一局面の電源アダプタは、筐体の背面の上面側に電源プラグ部が設けられ、かつ、筐体の正面の下面側または上面側に設けられた段差部の側面(正面に略直交する面)にUSBポート部が設けられている。そして、電源プラグ部が、壁等のACコンセントに挿入されて筐体を保持するため、USBポート部が筐体の下面に設けられた場合と比べて、電源プラグ部とUSBポート部との距離が短くなり、筐体がUSBケーブルから受ける回転モーメントの影響を抑えることができる。
よって、USB機器が動かされた場合も、電源プラグがACコンセントから抜けにくくなるため、電源アダプタがACコンセントから脱落するのを防止することができる。
また、USBケーブルから受ける回転モーメントの影響を受けにくく、電源プラグ部への負荷が少ないので、斜面など垂直ではない面に設けられたACコンセントに設置した場合、または、電車内など振動しやすい場所に設置した場合も、電源アダプタがACコンセントから脱落するのを防止することができる。
【0020】
また、電源プラグ部は筐体に対して任意の角度で回動自在に固定されているため、ACコンセントが前傾壁(鉛直に対して傾斜した壁)面に設けられた場合であっても、電源アダプタの筐体は鉛直に維持しつつ、電源アダプタ本体を宙で支えることができる。

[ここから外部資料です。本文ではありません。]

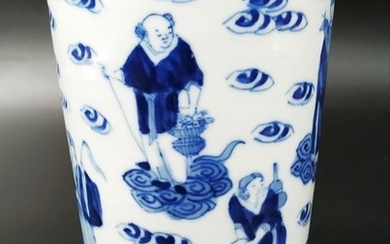 Blue and white porcelain brush pot- China qing(1644-1911) dynasty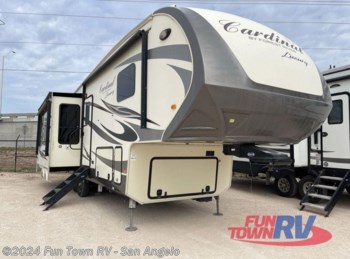 Used 2018 Forest River Cardinal Luxury 3250RLX available in San Angelo, Texas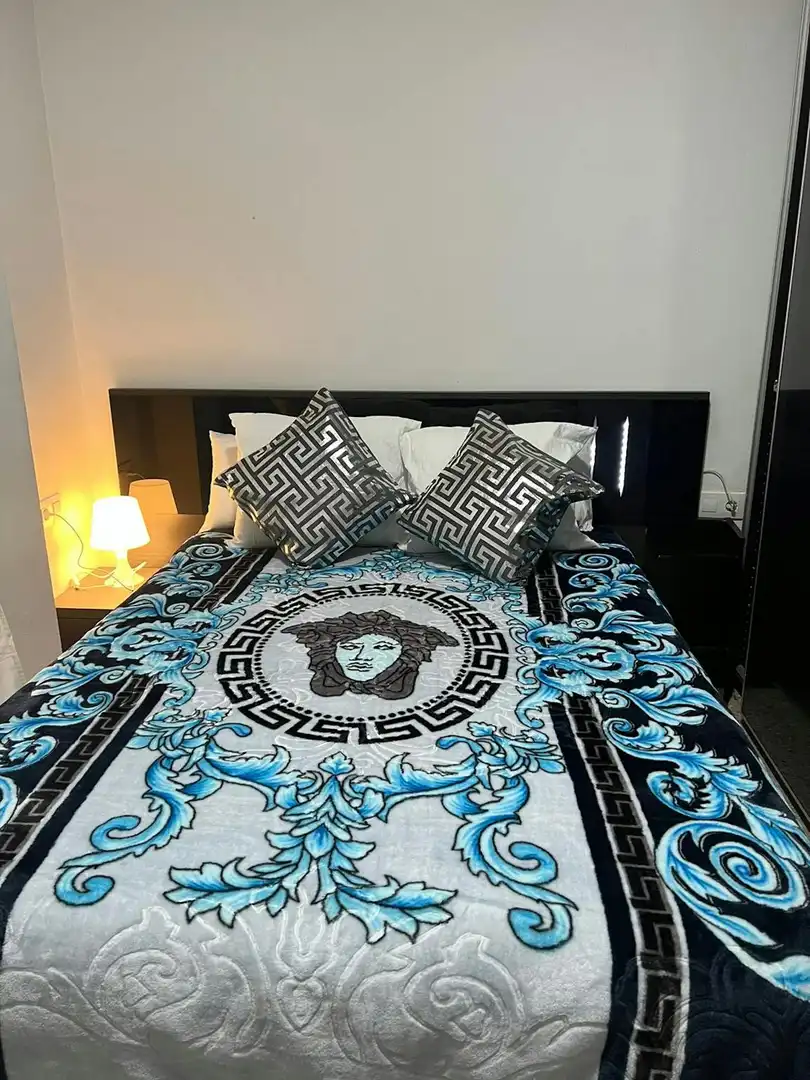 Bedroom of Flat for share in  Barcelona Capital  with Air Conditioner, Heating and Furnished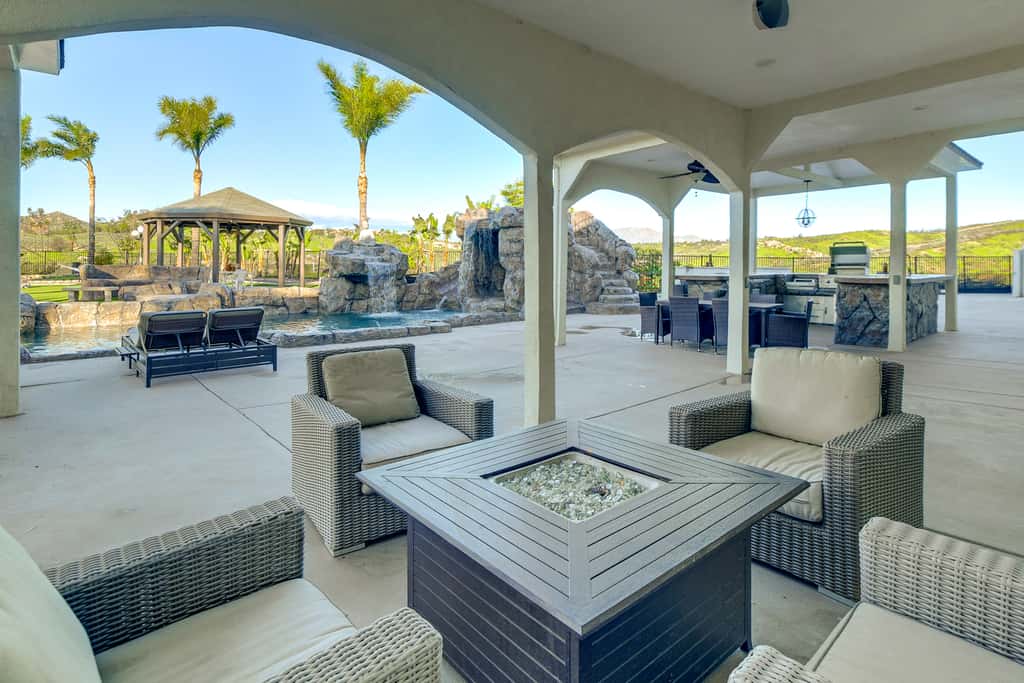 Expansive Riverside Mansion! Luxe, Family Friendly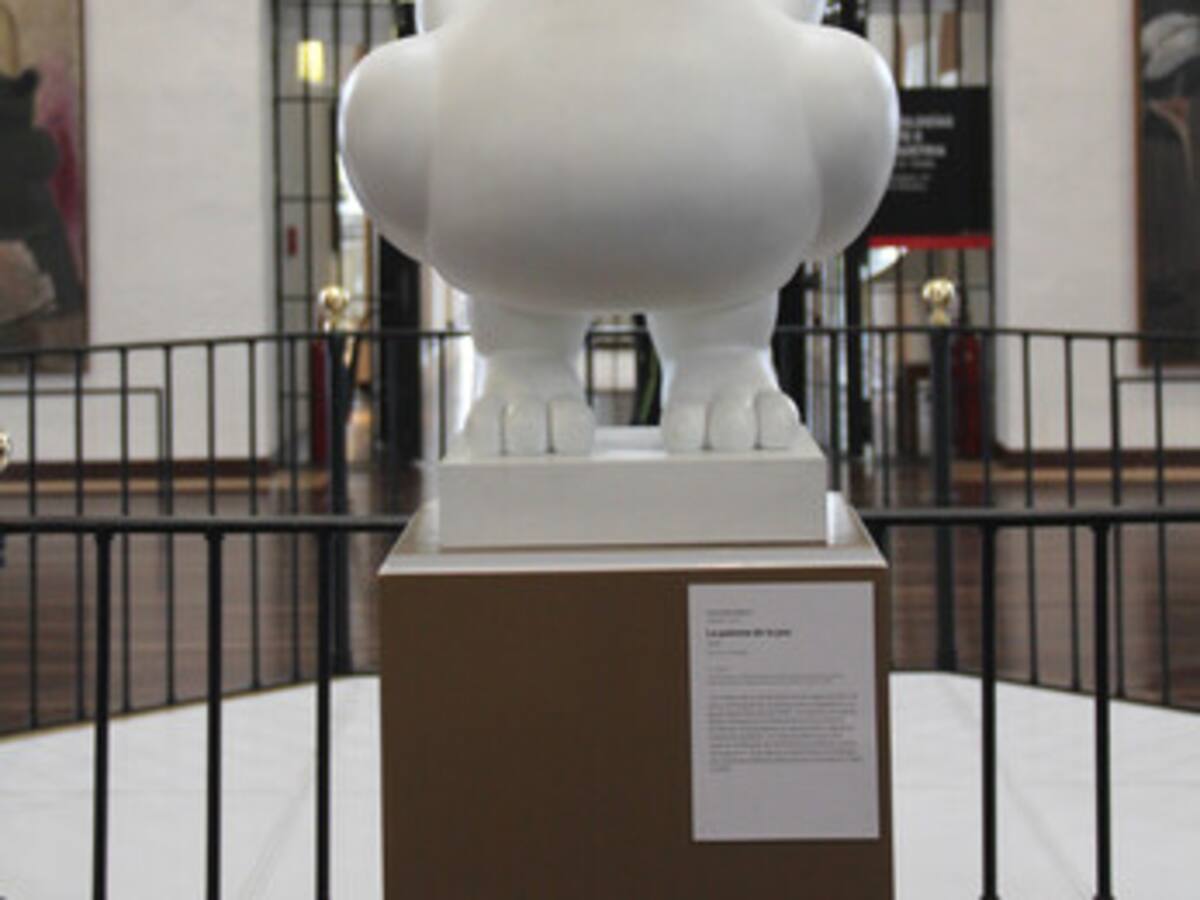 La pelea por la escultura de la Paz que está en el Museo Nacional en Bogotá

この場合、電源アダプタの重心と、ACコンセントに支持された電源プラグ部とは、鉛直線上にあり、電源アダプタの重心は電源プラグ部に対して回転モーメントを与えることがないため、ACコンセントから脱落しにくい電源アダプタがとすることができる。
また、電源プラグ部が筐体に対して任意の角度で回動自在に固定されていることから、例えばUSBケーブルによってUSBポート部に回転モーメントが与えられた場合でも、電源プラグ部が壁面のACコンセントに挿入されたままで筐体が回動し、その結果、電源アダプタはACコンセントから脱落しない。
【0021】
また、USBポート部は、筐体の段差部に設けられることにより、USBケーブルの保持部が段差部の中に収納される。これにより、ユーザが保持部を引っ掛けるリスクを低減し、USBケーブルが破損するのを防止することができる。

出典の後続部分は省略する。